Perubahan nilai di dalam hidup masyarakat pasti terjadi dan masyarakat itu
harus siap untuk menghadapinya. Begitu juga dengan cara berbusana bagi perempuan
Jawa di Surakarta. Cara menghadapi perubahan ini penting dimengerti oleh
perempuan Jawa untuk tetap mempertahankan salah satu amanah yakni cara
berbusana Jawa
Seiring bertambahnya waktu, cara berbusana perempuan Jawa di Surakarta juga
ikut berubah. Perempuan Jawa abad ke-21 mulai menggunakan pakaian yang modis
dan terus berkembang hingga kini di abad ke-22. Teknologi yang semakin maju juga
turut serta mempengaruhi cara busana perempuan Jawa di Surakarta. Busana adalah
komunikasi. Perempuan Jawa masa kini terus mengikuti trend yang ada. Busana dan
gender semakin terlihat kaitannya di masa kini. Bagi perempuan Jawa yang bekerja,
akan sangat berbeda cara busananya dengan perempuan Jawa yang tidak bekerja.

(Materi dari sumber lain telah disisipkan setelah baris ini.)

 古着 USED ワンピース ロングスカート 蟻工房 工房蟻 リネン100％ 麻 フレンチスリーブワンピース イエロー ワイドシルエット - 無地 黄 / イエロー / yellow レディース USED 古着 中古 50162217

Secara objektif, bagi perempuan Jawa masa kini, gambaran tersebut rasanya
tidak sesuai lagi dengan cara mereka sekarang menampilkan dirinya di tengah-tengah
masyarakat. dalam berbagai peran yang diisinya, perempuan Jawa dapat
menunjukkan sikap yang tegas, berinisiatif, malahan tidak kalah tangkas dari kaum
pria. Perempuan berani menolak sesuatu bila tidak sesuai dengan pandangannya.

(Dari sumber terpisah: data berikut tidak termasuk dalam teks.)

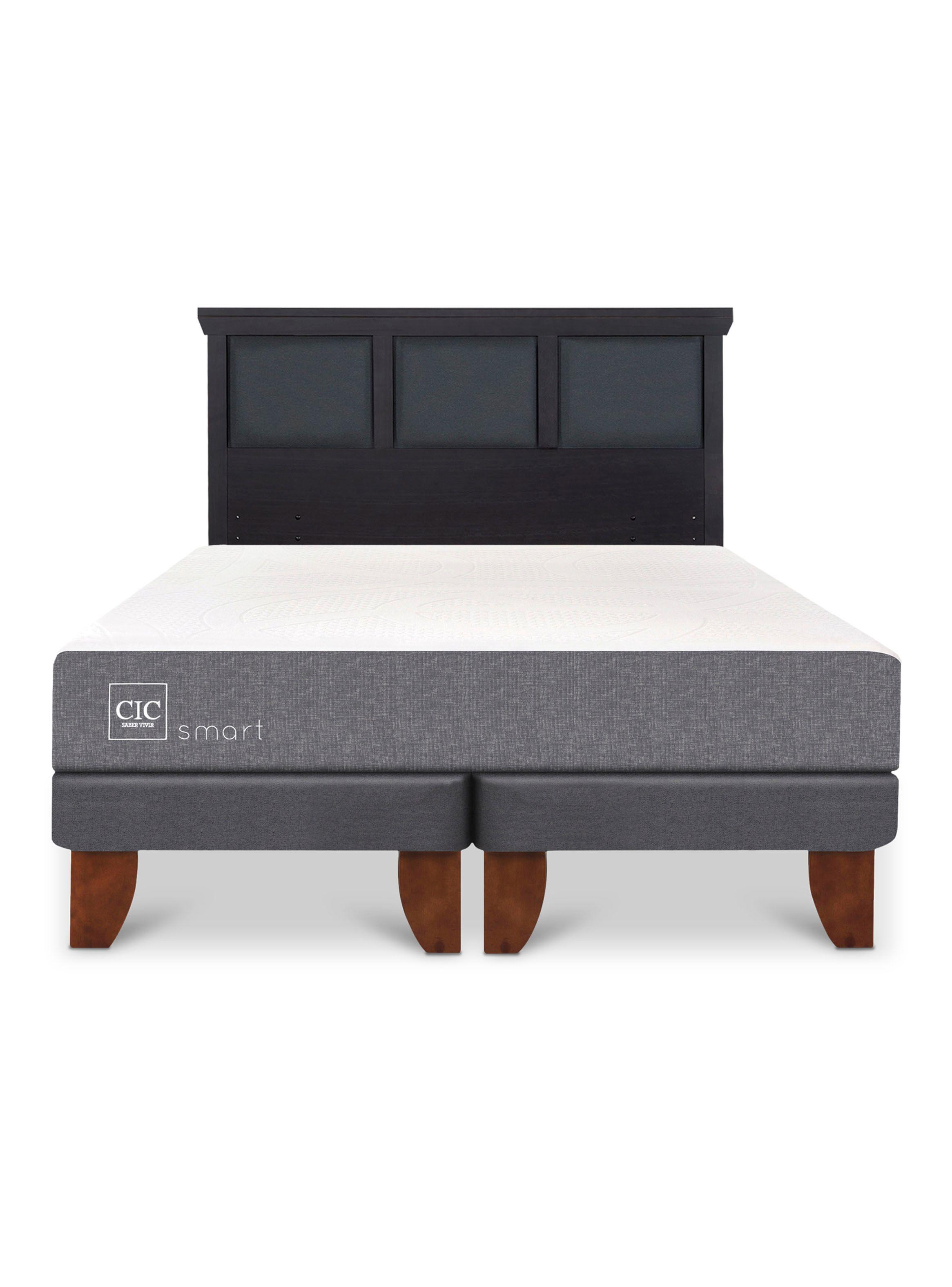 Cama Europea Smart 2 Plazas Base Dividida + Respaldo Torino Negro-2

Perempuan juga tidak segan-segan menguatarakn pendapatnya bilamana dipandang
perlu.
Perubahan yang terjadi terhadap cara berbusana perempuan Jawa di Surakarta,
diasumsikan oleh peneliti disebabkan oleh teknologi (faktor “X”) yang menyebabkan
4
perubahan tersebut (“Y”). Dalam elemen penting komunikasi (komunikator, pesan,
media, komunikan, dan umpan balik), peneliti fokus terhadap media (teknologi) yang
akan dikaji mengenai peran komunikasi terhadap perubahan cara berbusana
perempuan Jawa di Surakarta.
Rumusan Masalah
Berdasarkan latar belakang di atas, penelitian ini hendak menjawab beberapa
pertanyaan yakni
1. Bagaimana proses terjadinya perubahan cara berbusana di kalangan perempuan
Jawa di Surakarta?
2. Bagaimana peran komunikasi terhadap perubahan cara berbusana di kalangan
perempuan Jawa di Surakarta?
Telaah Pustaka
1. Teknologi
Teknologi informasi menjadi kabar gembira bagi masyarakat yang selalu
membutuhkan informasi. Hadinrnya teknologi sering disebut sebagai “Revolusi
Informasi”. Winston (1998: 2) mengungkap “The concept of the “Information
Revolution” is implicity historical, for how can one knowthat a situation has changed
– has revolved – without knowing its previous state or position” Ledakan informasi
merupakan pertanda dari peluang dan tantangan yang akan dihadapi manusia di masa
depan. Pembekakan volume informasi yang dicetuskan, dipindahkan, dan diterima
akan terus dan semakin menggelembung. Seiring dengan itu, makna informasi pun
meningkat pula. Manusia akan hidup dalam suatu tatanan masyarakat baru, yakni
masyarakat informasi.
Melihat hal tersebut, penelitian ini menggunakan teori Determinisme
Teknologi. Teori ini dikemukakan oleh Marshall Mc Luhan pertama kali pada tahun
1962 dalam tulisannya The Guttenberg Galaxy: The Making of Typographic Man.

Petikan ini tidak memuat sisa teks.